Prognostic Data with CTA

From an anatomical standpoint, CTA as a diagnostic tool should outperform nuclear perfusion testing. However, from a functional standpoint, the myocardial peformance index (MPI) is an established method for non-invasively assessing the functional significance of coronary stenoses and delivers valuable information for risk stratification. Patients with stable angina and normal MPI results have a low risk of death or fatal myocardial infarction and no intervention is required for these patients. Even in patients with documented coronary artery disease (CAD), normal MPI results have been shown to have similar low-event rates. MPI identifies myocardial perfusion defects, analysing the functional relevance of coronary artery stenoses and providing important information for clinical decision making. One study demonstrated significant improvement in diagnostic accuracy of CTA compared with nuclear testing in the same population. Further studies are needed, but the high accuracy of CT may argue for this to be the gatekeeper, with borderline results or non-diagnostic testing. It is not surprising that CTA outperformed MPI in the diagnosis of obstructive disease. The anatomic gold standard favours an anatomic test such as CTA. This study compared a well-established tool for the detection of myocardial ischemia, such as MPI, with a technique that provides anatomical information of the epicardial coronary arteries.

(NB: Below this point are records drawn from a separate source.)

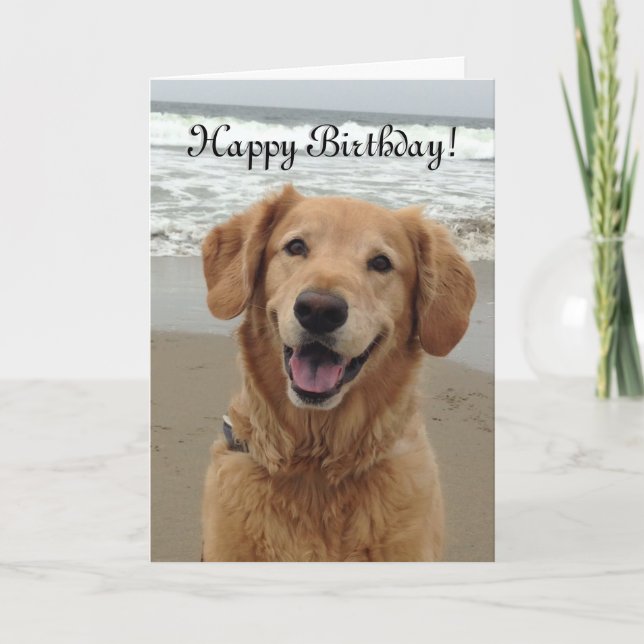 Happy Birthday Golden Retriever Holiday Card (Front)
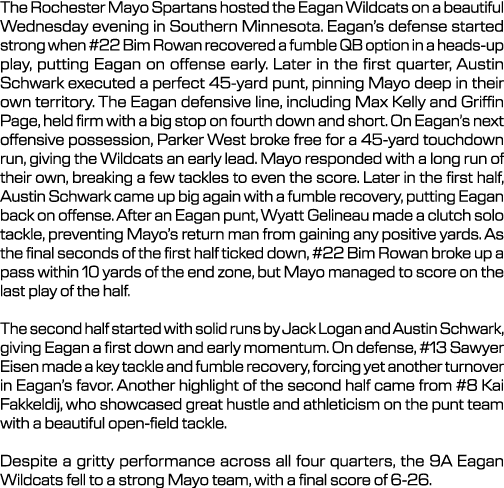 The Rochester Mayo Spartans hosted the Eagan Wildcats on a beautiful Wednesday evening in Southern Minnesota. Eagan’s...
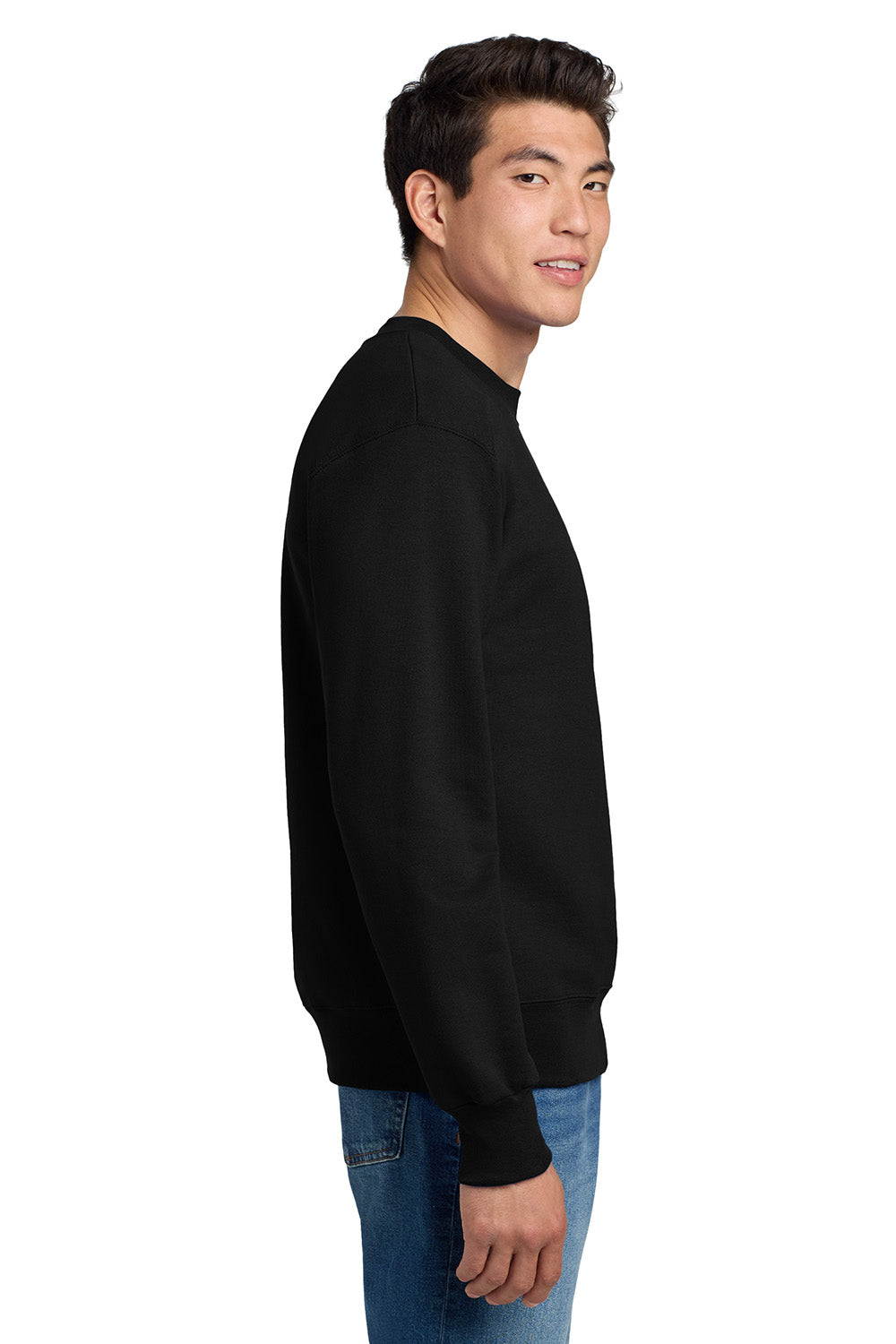 Hanes F260 Mens Ultimate Cotton PrintPro XP Pill Resistant Crewneck Sweatshirt Black Model Side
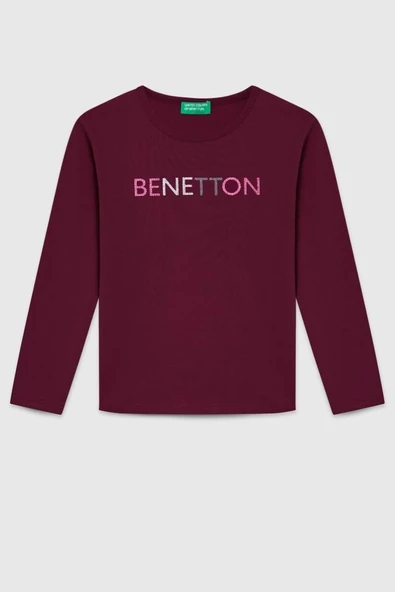 United Colors of Benetton Kız Çocuk  BNT-G23332 Uzun Kollu Tshirt Bordo ürün görseli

It has been suggested that MPI, due to the prognostic information available, should remain the gold standard for detection of CAD. Only study of CTA and prognosis has been reported. Plezel et al. evaluated the accuracy of CTA with 16-MSCT for determining significant CAD and a six-month prognosis and clinical outcome in a 'real world' clinical setting. The six-month follow-up in the 834 patients originally not referred for cardiac catheterisation showed two (0.2%) patients who subsequently had significant CAD. There were no cardiovascular deaths. However, there is vast prognostic information also available with coronary artery calcium scoring (CAC). The combination of CAC and CTA affords similar depth of prognostic information to MPI. CAC and CTA detection of CAD are not affected by left-bundle branch block, abnormal perfusion patterns from a dilated ventricle or breast/diagphragmatic artifacts.

Conclusions

CTA has become a robust modality to evaluate patients with CAD, with or without prior revascularisation (Figures 3 and 4). The ability to see the luminal stenosis, as well as the plaque burden, will make this a robust tool in the evaluation of CAD. Furthermore, there are two answers given with the results of a CT angiogram: is there clinically significant stenosis; and, is there clinically significant atherosclerosis? This can direct both further interventional care, as well as direct preventive care. This is a big improvement over current testing strategies, such as functional assessment, which will only answer the first question related to clinically significant stenosis. A normal nuclear test, while reducing risk in the next one to two years, does not assist in assessing mild stenoses or plaque burden.